About this task
The required output is every record, reproduced exactly.

Given data
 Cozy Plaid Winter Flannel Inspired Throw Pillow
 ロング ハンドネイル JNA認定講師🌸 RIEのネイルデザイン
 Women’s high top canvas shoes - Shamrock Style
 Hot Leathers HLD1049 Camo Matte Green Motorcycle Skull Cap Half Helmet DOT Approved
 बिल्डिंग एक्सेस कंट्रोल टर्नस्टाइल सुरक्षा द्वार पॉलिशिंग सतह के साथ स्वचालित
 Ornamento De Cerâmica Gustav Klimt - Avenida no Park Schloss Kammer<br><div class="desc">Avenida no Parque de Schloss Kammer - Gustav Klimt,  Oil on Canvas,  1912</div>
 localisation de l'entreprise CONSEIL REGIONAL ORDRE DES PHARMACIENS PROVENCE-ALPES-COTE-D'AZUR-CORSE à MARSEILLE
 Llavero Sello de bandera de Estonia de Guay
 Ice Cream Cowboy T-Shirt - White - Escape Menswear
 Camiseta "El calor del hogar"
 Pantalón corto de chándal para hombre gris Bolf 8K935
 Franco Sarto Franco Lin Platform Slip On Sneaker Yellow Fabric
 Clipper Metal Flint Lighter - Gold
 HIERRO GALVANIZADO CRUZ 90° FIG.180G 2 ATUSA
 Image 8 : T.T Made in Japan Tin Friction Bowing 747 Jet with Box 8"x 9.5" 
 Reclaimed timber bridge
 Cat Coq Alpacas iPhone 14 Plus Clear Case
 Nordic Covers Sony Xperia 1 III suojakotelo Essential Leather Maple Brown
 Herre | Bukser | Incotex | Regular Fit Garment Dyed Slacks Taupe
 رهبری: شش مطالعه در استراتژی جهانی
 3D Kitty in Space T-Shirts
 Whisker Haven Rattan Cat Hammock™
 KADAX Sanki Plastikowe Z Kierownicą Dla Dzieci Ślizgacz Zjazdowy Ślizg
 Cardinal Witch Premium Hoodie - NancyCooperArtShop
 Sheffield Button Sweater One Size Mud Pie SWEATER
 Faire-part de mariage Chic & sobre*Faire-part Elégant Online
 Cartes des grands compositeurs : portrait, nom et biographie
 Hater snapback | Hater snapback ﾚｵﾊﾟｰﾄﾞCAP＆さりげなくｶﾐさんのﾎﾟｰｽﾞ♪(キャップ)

Expected output
 Cozy Plaid Winter Flannel Inspired Throw Pillow
 ロング ハンドネイル JNA認定講師🌸 RIEのネイルデザイン
 Women’s high top canvas shoes - Shamrock Style
 Hot Leathers HLD1049 Camo Matte Green Motorcycle Skull Cap Half Helmet DOT Approved
 बिल्डिंग एक्सेस कंट्रोल टर्नस्टाइल सुरक्षा द्वार पॉलिशिंग सतह के साथ स्वचालित
 Ornamento De Cerâmica Gustav Klimt - Avenida no Park Schloss Kammer<br><div class="desc">Avenida no Parque de Schloss Kammer - Gustav Klimt,  Oil on Canvas,  1912</div>
 localisation de l'entreprise CONSEIL REGIONAL ORDRE DES PHARMACIENS PROVENCE-ALPES-COTE-D'AZUR-CORSE à MARSEILLE
 Llavero Sello de bandera de Estonia de Guay
 Ice Cream Cowboy T-Shirt - White - Escape Menswear
 Camiseta "El calor del hogar"
 Pantalón corto de chándal para hombre gris Bolf 8K935
 Franco Sarto Franco Lin Platform Slip On Sneaker Yellow Fabric
 Clipper Metal Flint Lighter - Gold
 HIERRO GALVANIZADO CRUZ 90° FIG.180G 2 ATUSA
 Image 8 : T.T Made in Japan Tin Friction Bowing 747 Jet with Box 8"x 9.5" 
 Reclaimed timber bridge
 Cat Coq Alpacas iPhone 14 Plus Clear Case
 Nordic Covers Sony Xperia 1 III suojakotelo Essential Leather Maple Brown
 Herre | Bukser | Incotex | Regular Fit Garment Dyed Slacks Taupe
 رهبری: شش مطالعه در استراتژی جهانی
 3D Kitty in Space T-Shirts
 Whisker Haven Rattan Cat Hammock™
 KADAX Sanki Plastikowe Z Kierownicą Dla Dzieci Ślizgacz Zjazdowy Ślizg
 Cardinal Witch Premium Hoodie - NancyCooperArtShop
 Sheffield Button Sweater One Size Mud Pie SWEATER
 Faire-part de mariage Chic & sobre*Faire-part Elégant Online
 Cartes des grands compositeurs : portrait, nom et biographie
 Hater snapback | Hater snapback ﾚｵﾊﾟｰﾄﾞCAP＆さりげなくｶﾐさんのﾎﾟｰｽﾞ♪(キャップ)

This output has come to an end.